1. Introduction and motivation
sizeof
and offsetof
currently allow programmers to access the layout of data structures
with the resolution of one byte. If a data structure needs to be compact, bit fields
allow programmers to specify members that take less than one byte, which saves memory but sizeof
and offsetof
cannot be used with bit fields. The proposed bit_sizeof
and bit_offsetof
keywords would allow code to inspect the locations of individual bits of
structures.
In order to interact directly with memory that contains data structures with bit fields, the existing limitations of the C++ language require verbose and error-prone manual memory allocation. Consider the following example program which works in C++14, illustrating the messy and error-prone manual layout of bits necessary so that current C++ programs can know where member variables are stored:
#include <string> #include <limits.h> struct Foo { uint8_t bits; // Memory for A, B, C, and D enum class BitSizes { A = 2, B = 4, C = 1, D = 1, }; enum class BitOffsets { A = 0, B = 2, C = 6, D = 7, }; }; static void setBits(uint8_t* address, size_t bitSize, size_t bitOffset) { uint8_t bits = UINT8_MAX >> (CHAR_BIT - bitSize); *address |= bits << bitOffset; } int main() { uint8_t memory[2] = {0, 0}; setBits(&memory[1], static_cast<size_t>(Foo::BitSizes::B), static_cast<size_t>(Foo::BitOffsets::B)); }
The Foo structure should obviously use bit fields because it is many small member
variables packed into one byte, but the need to locate the bits in memory currently
requires manual allocation of bits in order to access their location.

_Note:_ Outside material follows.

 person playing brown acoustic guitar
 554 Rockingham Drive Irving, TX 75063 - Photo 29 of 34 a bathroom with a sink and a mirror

If the bit_sizeof
and bit_offsetof
keywords were added to C++, the code would be able to properly use bit
fields:
struct Foo { uint8_t A : 2; uint8_t B : 4; uint8_t C : 1; uint8_t D : 1; }; int main() { uint8_t memory[2] = {0, 0}; setBits(&memory[1], bit_sizeof(Foo::B), bit_offsetof(Foo, B)); }
Finding the locations of members of compact structures is necessary in JIT compilers that interact with data structures where a different instruction must be written into an instruction buffer depending on where the desired bit is located in the destination byte. Development of such a compiler motivated the abandonment of bit fields in a change to WebKit in https://trac.webkit.org/changeset/166465/trunk/Source/WebCore/rendering/style/RenderStyle.h and other structures have manual bit allocation for similar reasons. A memory allocator that pre-initializes memory for structures with bit fields would also benefit from knowledge of the locations of bit fields in structures. In general, allowing more precision with bit field location and size determination will enable more efficient code to be written in C++.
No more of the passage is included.